El Mito Que Se Desvanece


¡Buen viaje, Señor Escritor! 
Por Gilberto García Mercado 

En la literatura las vidas se van sucediendo como las letras. Y en nuestro caso particular se respira mejor con la partida de uno grande. Es mejor para la nueva generación de escritores que nunca jamás se les haya atravesado un García Márquez. Con el tiempo ese mito de escritor se irá desvaneciendo, permitirá que otros fabulistas abandonen su timidez  y,  por el contrario, asuman la ausencia de Gabo con propuestas que busquen acordarse menos del gran escritor de Aracataca.
 
Se quejan los contemporáneos de García Márquez, de las pocas oportunidades que tenían sus textos de lograr alguna aceptación entre el público, primero porque todo giraba alrededor del escritor de Macondo. Y segundo, porque  el sol o la luna que era el insigne narrador no permitía ver más allá de los límites de su fábula. 

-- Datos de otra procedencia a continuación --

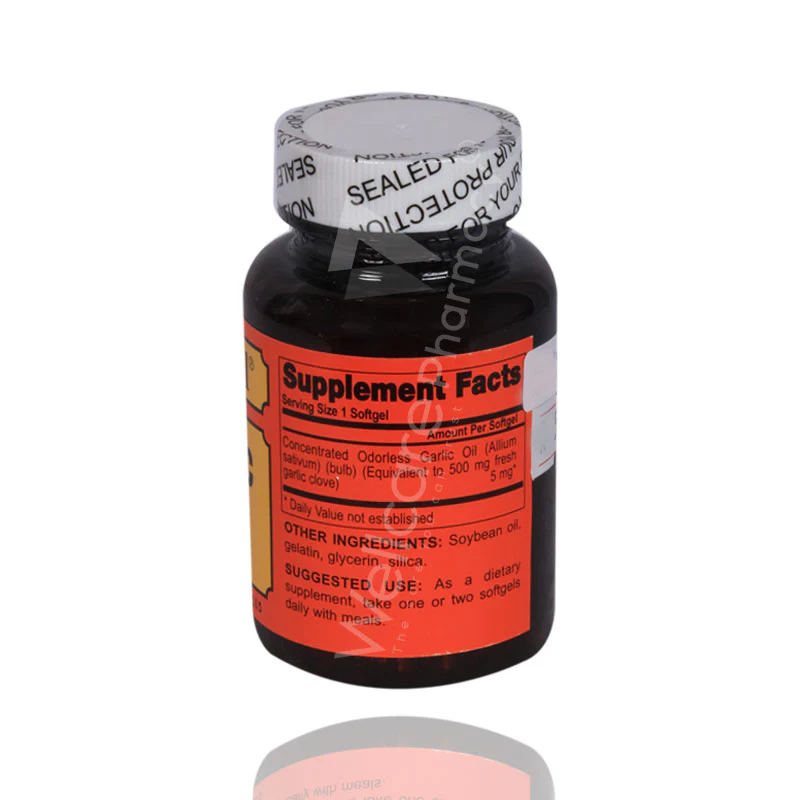 Sentinel Garlic 500mg Capsules 100'S - Image 3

Mucha tinta es la que ha corrido alrededor del mito, porque estando entre nosotros pensábamos que el narrador era eterno, incluso, esa forma particular de burlarse de la muerte,  el sacar mientras se explora su literatura una sonrisa al lector, es el de alguien seguro y que no le tiene miedo a la muerte. Pero el escritor partió hacia otras instancias, quizás hacia un universo sin límites, cargado de sus obras monumentales y con la misión de extender el poder de su literatura hacia ese otro escenario de muerte. 
La muerte del escritor se constituye en una catarsis liberadora, por fin se puede respirar en paz, por fin los reporteros de cultura se liberan de ese compromiso de tener que sacar todos los días, a Gabo con su nuevo libro, en una entrevista con Fidel Castro, en una crónica en El País de España, etc.  Porque es que la literatura garcimarquiana propiciaba a tenerla presente hasta en los títulos con que los diarios abrían sus páginas. En esos textos se hallaban siempre presente, El coronel no tiene quien le escriba, Crónica de una muerte anunciada, Relatos de un náufrago, Cien años de soledad, La Hojarasca, Noticias de un secreto, Los funerales de la mamá grande, etc. 

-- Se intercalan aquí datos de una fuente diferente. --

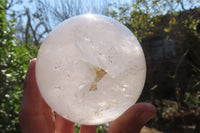 Polished Clear Quartz Sphere x 1 From Madagascar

Un maestro de un taller literario me decía que García Márquez era un Rey Midas, “todo lo que toca se convierte en oro”.  En esos momentos, quienes llegaban por primera vez al taller se enojaban,  e incluso no volvían, cuando el maestro expresaba que para lograr su propio estilo el novel tenía que alejarse de la literatura macondiana y abrirse a otras posibilidades. Por esa época los redactores de medios impresos le hacían el juego a la fama universal del autor de La Cándida Eréndira y su abuela desalmada, lo veíamos hasta en los clasificados. Hasta me atrevo a pensar que el intelectual se fastidiaba con tanta información sobre él, cuántos narradores por conocer y los medios aún informando sobre los aportes de Gabo a la literatura en ensayos, biografías y crónicas. 

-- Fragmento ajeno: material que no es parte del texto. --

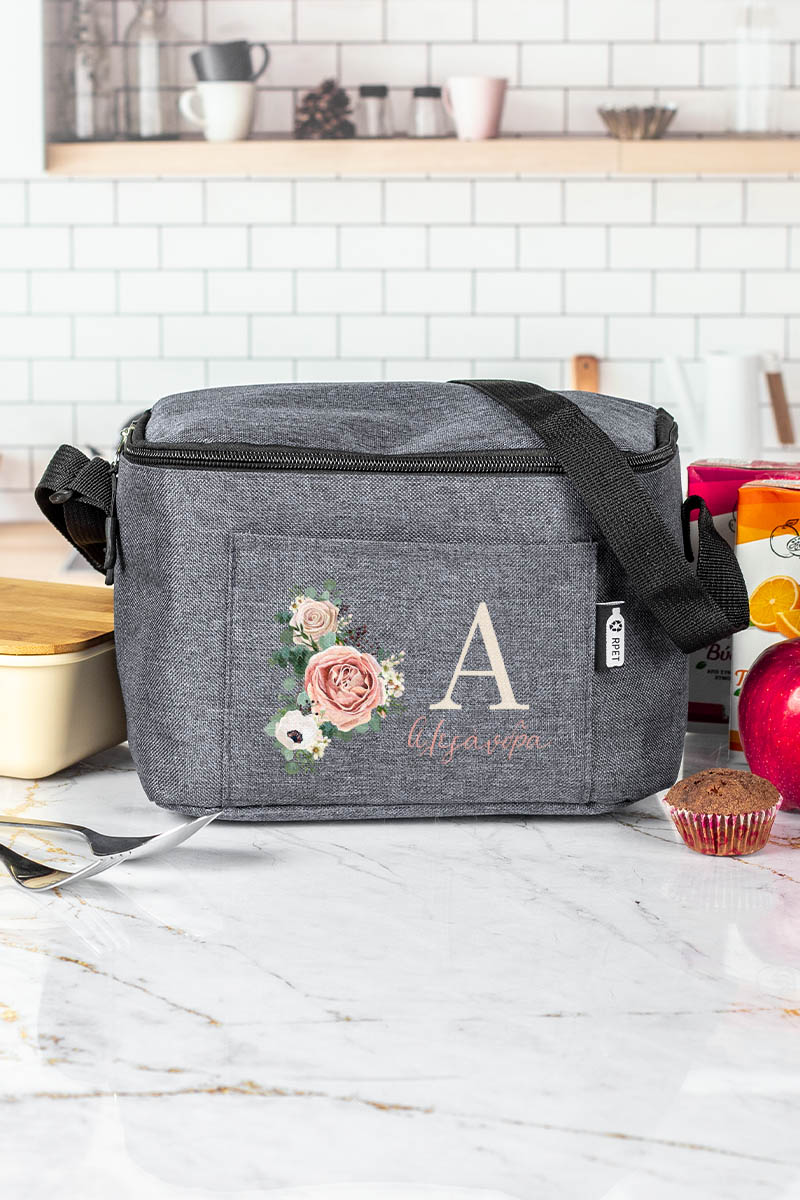Ισοθερμικό Τσαντάκι Φαγητού Παιδικό με Όνομα, Roses Blossom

En tales situaciones, cuando una lámpara absorbe a las demás, el sacrificado es aquel que no logra alumbrar el camino pues la oscuridad se ha retirado y lo invisibiliza.  Así estuvieron la generación de escritores contemporáneos de García Márquez, no había ojos sino para la obra del ilustre hijo de Aracataca. Por mucho que lo intentaran, sus acciones eran fallidas, obnubiladas por ese sol o luna que no permitían ver más obras, más novelas que la de El otoño del patriarca. 
De tal fenómeno es bueno escapar, desprenderse de la influencia nefasta que puede significar  arrimarse a la sombra del autor de Doce cuentos peregrinos. 
Una vez alguien se me acercó para que,  además de corregirle una novela emitiera una opinión sobre la misma. Me llevé el manuscrito para la casa, y en un fin de semana con día festivo abordo, leí la novela y aunque el tema era diferente el pobre tipo imitaba a García Márquez. 
      
          Gilberto García M 
Le dije que tenía que abrirse a otras oportunidades, que leyera las diez mejores novelas rusas. Le nombré una: Crimen y Castigo,  de Fedor Dostoievski.  No obstante, el discurso sutil que manejé para no herir la susceptibilidad del escritor, éste se levantó sin decir una palabra dándome a entender con su cara roja por la ira,  que lo que acababa de decir era un sacrilegio, porque escribir como García Márquez era una virtud. Ahora cada vez que me lo encuentro, el pobre tipo  se pasa a la acera de enfrente, cada vez que lo saludo se hace el desorientado, como si el mismo fuera un personaje de García Márquez que se escapó de sus libros para defender las fábulas del Nobel de Aracataca.